▶ _What needs to be done_: Could you retype every line below exactly, omitting the images?

▶ _Source data_:
- - -

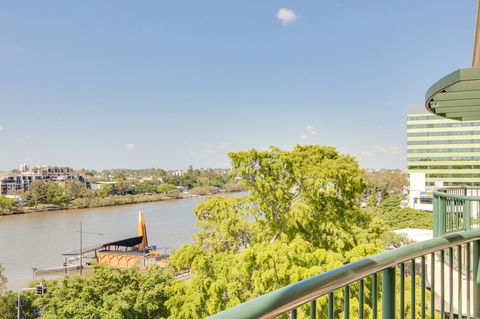 Central Cosmo Apartment Hotel - Grafton Accommodation 15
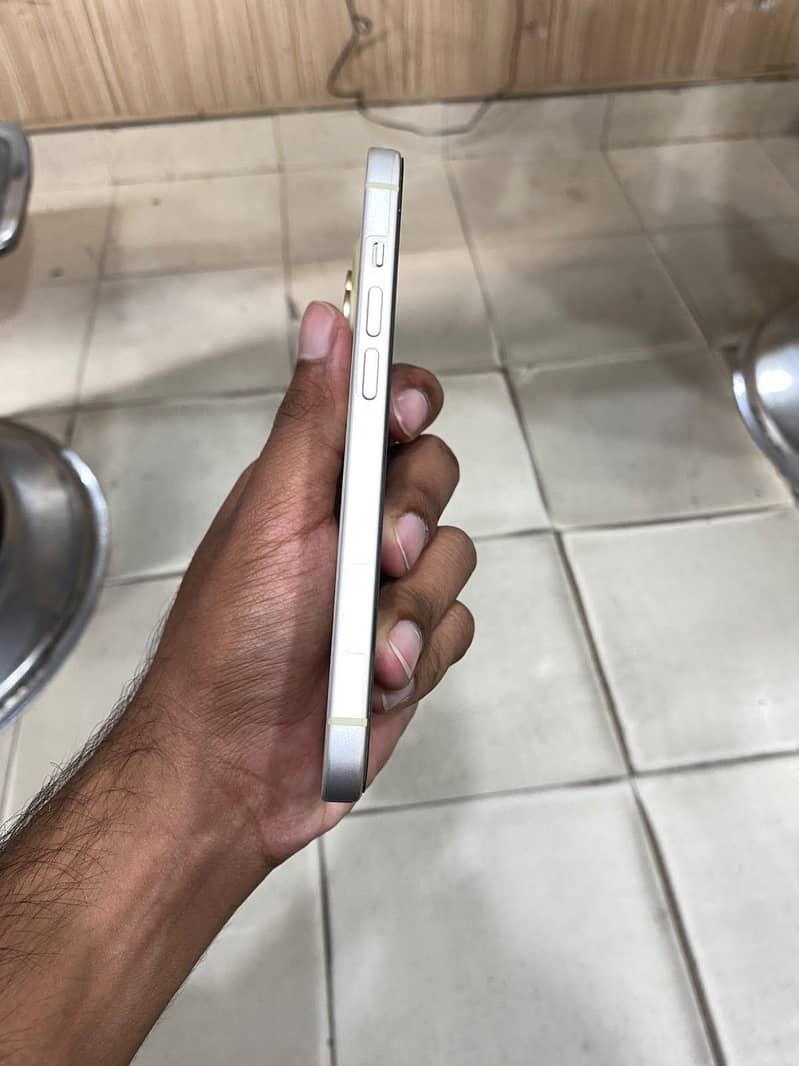 Apple iPhone 15 1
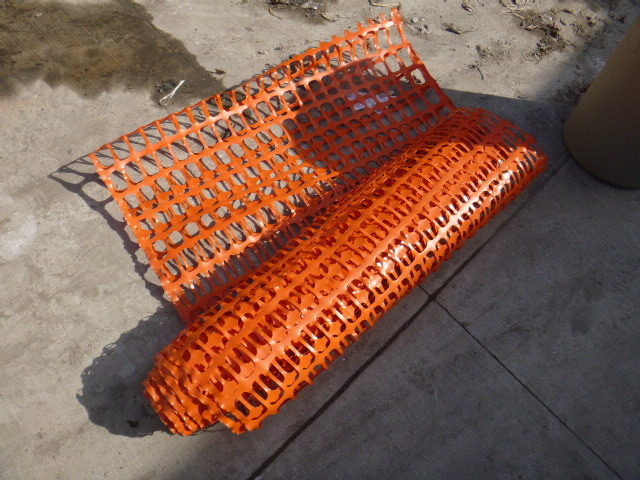 lot 30 image: Plastic Fence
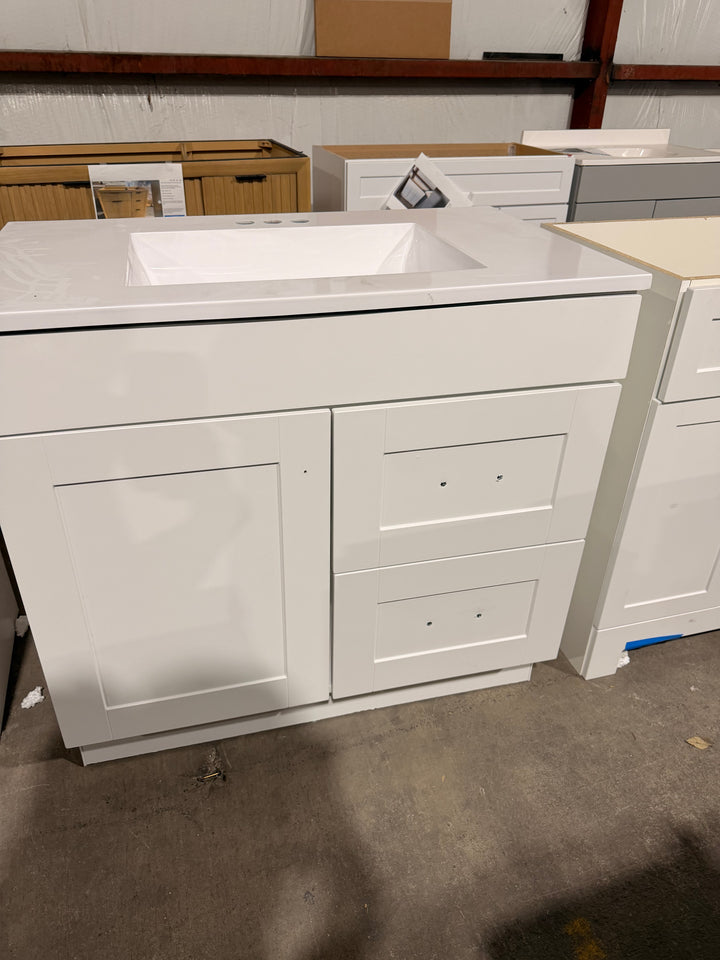 Project Source Series 36-in True White Bathroom Vanity Base Cabinet (OPEN BOX)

- - -

▶ _Answer for this exercise_:
 Central Cosmo Apartment Hotel - Grafton Accommodation 15
 Apple iPhone 15 1
 lot 30 image: Plastic Fence
 Project Source Series 36-in True White Bathroom Vanity Base Cabinet (OPEN BOX)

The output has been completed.